Imposture
Patrick Bouchitey
Semaine Internationale de la Critique


Le synopsis : Critique redouté perdu dans une existence banale, Serge Pommier n'a toujours pas écrit le best-seller que tout le monde espère de lui. Pour vivre, il doit se contenter d'enseigner la littérature à l'université. Lorsque l'une de ses étudiantes lui soumet un manuscrit remarquable, sa vie bascule : Serge la séquestre pour s'approprier son œuvre. La machine infernale se met en marche...

Notre avis : De Patrick Bouchitey, on pouvait attendre mieux que ce thriller aseptisé, qui convoque les ombres de Hitchcock, Buñuel (la parano du prof voyant rire l'assistance, semblable à celle du mari jaloux dans El), ou encore Melville, le mutisme de l'étudiante séquestrée faisant écho à celui de la jeune femme du Silence de la mer. Mais où est passé le sulfureux auteur de Lune froide ? On pourra être agacé par ces apparitions d'animateurs dans leur propre rôle (Michel Field, Michel Polac), systématiquement convoqués dès qu'on aborde le thème de l'interview télévisée. On attend constamment la fausse piste, l'étincelle narrative qui sortirait le film du marasme des conventions. En fait, Imposture n'échappe pas aux carences d'un certain cinéma de qualité distingué auquel manque une véritable âme. Un scénario plus surprenant, un dénouement moins malin et un rythme plus énergique auraient sans doute donné plus de poids à ce récit d'un rapt physique et littéraire. Même l'inégal Rob Reiner avec Misery (1990, d'après Stephen King) avait su donner plus d'épaisseur aux motivations des personnages.
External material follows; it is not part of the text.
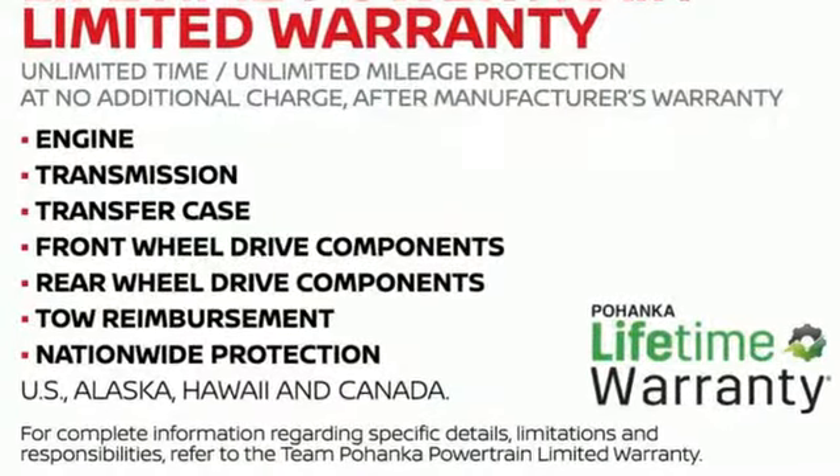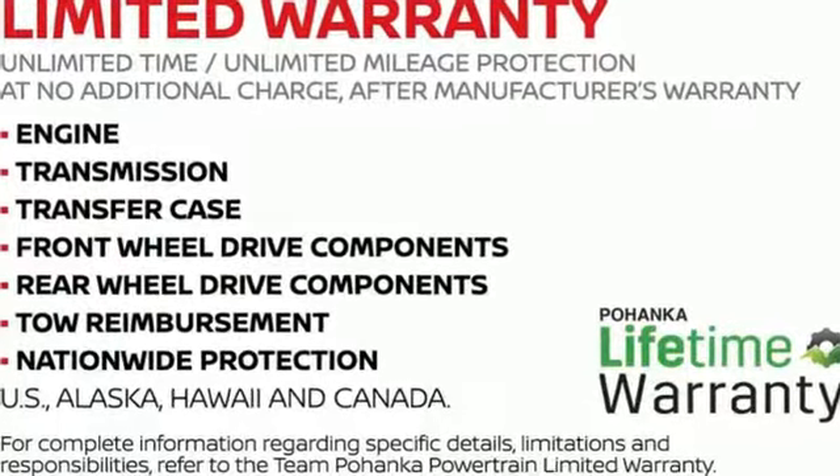Nissan excites the senses so you can enjoy the journey. Stop in for a test drive and make it yours today.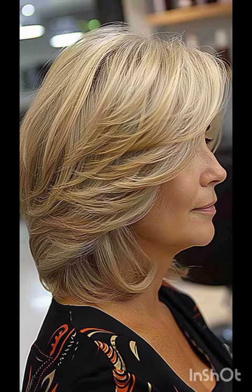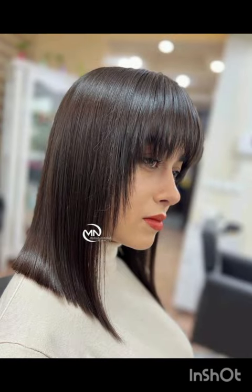A pixie cut is a chic and daring hairstyle that exudes confidence and style. With its short cropped length and closely shaved or tapered sides, this timeless haircut typically features longer layers on top that allow for versatility in styling — whether slicked back for a polished look or tousled for a more casual vibe. It's a popular choice among those seeking a bold change or wanting to highlight facial features, as it can accentuate eyes, cheekbones, and jawlines. The pixie cut is celebrated for its low maintenance, requiring minimal styling time and product compared to longer hair styles.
En dépit de ces fortes réserves, le film se voit sans ennui et réussit, par intermittence, à créer une atmosphère d'angoisse et d'oppression. En attestent la séquence du kidnapping, plutôt aboutie, ainsi que les passages de la toilette de la jeune fille par l'écrivain raté criminel transformé malgré lui en aide-soignant : les non-dits érotiques mènent alors le film vers une autre interprétation rétrospective. Et Patrick Bouchitey devant la caméra étonne davantage par un jeu nuancé, bien servi par un beau visage de maturité. Il est surprenant que le cinéma français n'exploite pas davantage le talent de l'ex-jeune premier de La Meilleure façon de marcher et du Plein de super, dont le rôle le plus célèbre restera celui du prêtre décalé de La Vie est un long fleuve tranquille. Bien épaulé par Isabelle Renault, Patrick Catalifo et la jeune Laetitia Chardonnet, il est le principal intérêt de cette peinture troublante mais inaboutie des frustrations universitaires.

Gérard Crespo


1h40 - France - Scénario : Patrick Bouchitey, Gilles Laurent, Jacky Berroyer, Gaëlle Macé adapté de "Je suis un écrivain frustré" de José Angel Manas - Photo : Antoine Roch - Décors : François emmanuelli - Son : Lucien Balibar - Montage : Laurent Rouan - Interprétation : Patrick Bouchitey, Laetitia Chardonnet, Isabelle Renaud, Patrick Catalifo, Ariane Ascaride.